↓
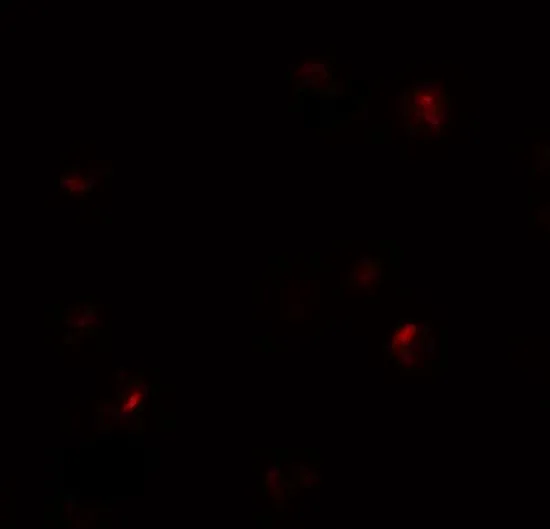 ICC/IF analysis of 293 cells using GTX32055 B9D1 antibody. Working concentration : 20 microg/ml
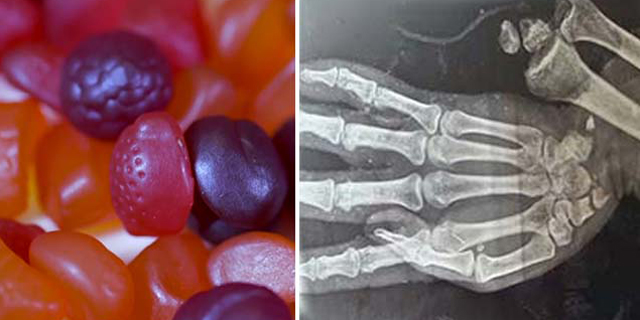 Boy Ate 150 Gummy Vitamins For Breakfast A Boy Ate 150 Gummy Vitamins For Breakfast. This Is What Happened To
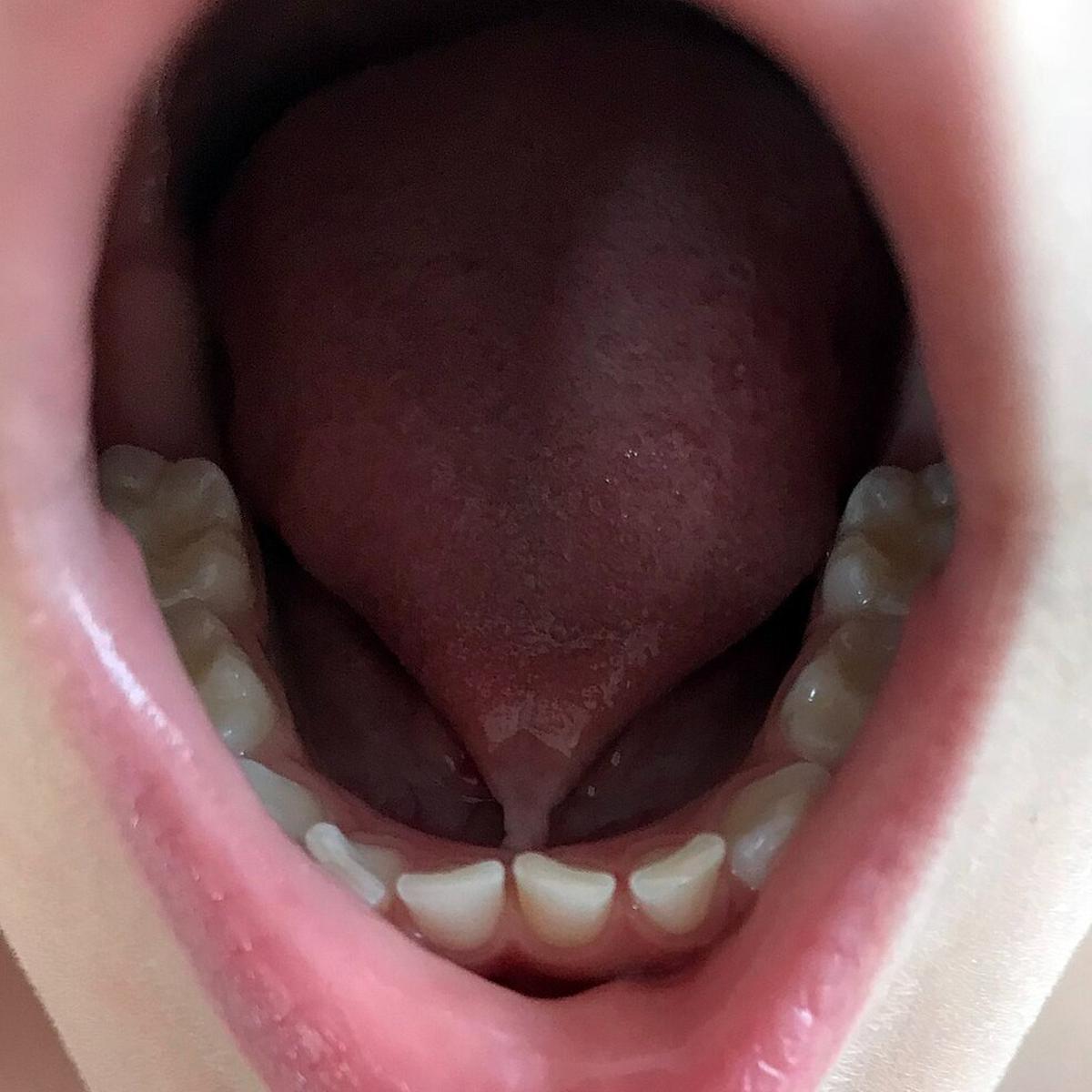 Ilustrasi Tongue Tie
↑
↓
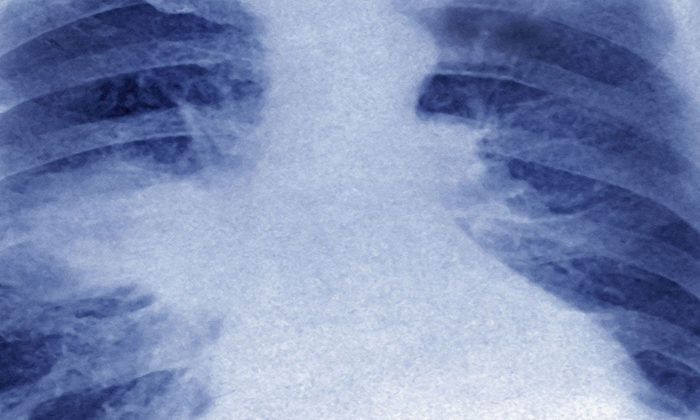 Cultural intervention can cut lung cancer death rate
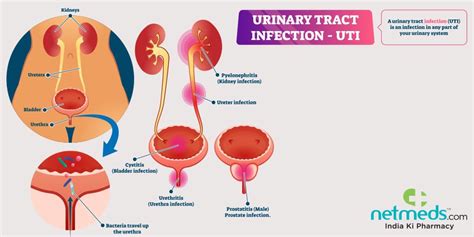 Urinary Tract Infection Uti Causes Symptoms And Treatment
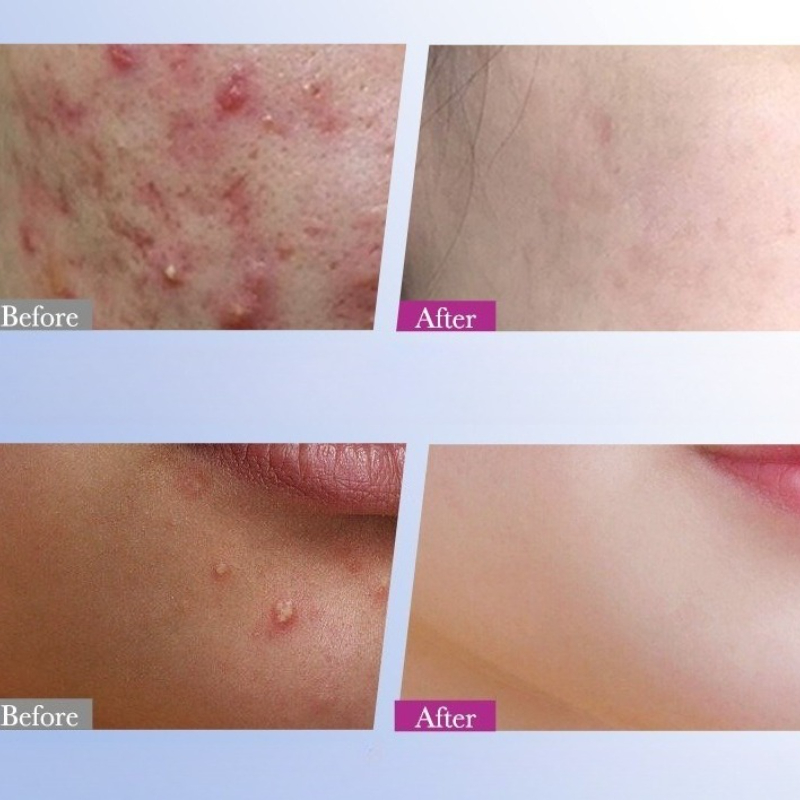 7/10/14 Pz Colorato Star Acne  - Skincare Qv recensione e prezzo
↑
- ACTIVITY:
From the records above, return exactly the lines running from the one that contains "ICC/IF analysis of" down to the one that contains "Ilustrasi Tongue Tie", both included, without any pictures.

- WRITTEN SOLUTION:
 ICC/IF analysis of 293 cells using GTX32055 B9D1 antibody. Working concentration : 20 microg/ml
 Boy Ate 150 Gummy Vitamins For Breakfast A Boy Ate 150 Gummy Vitamins For Breakfast. This Is What Happened To
 Ilustrasi Tongue Tie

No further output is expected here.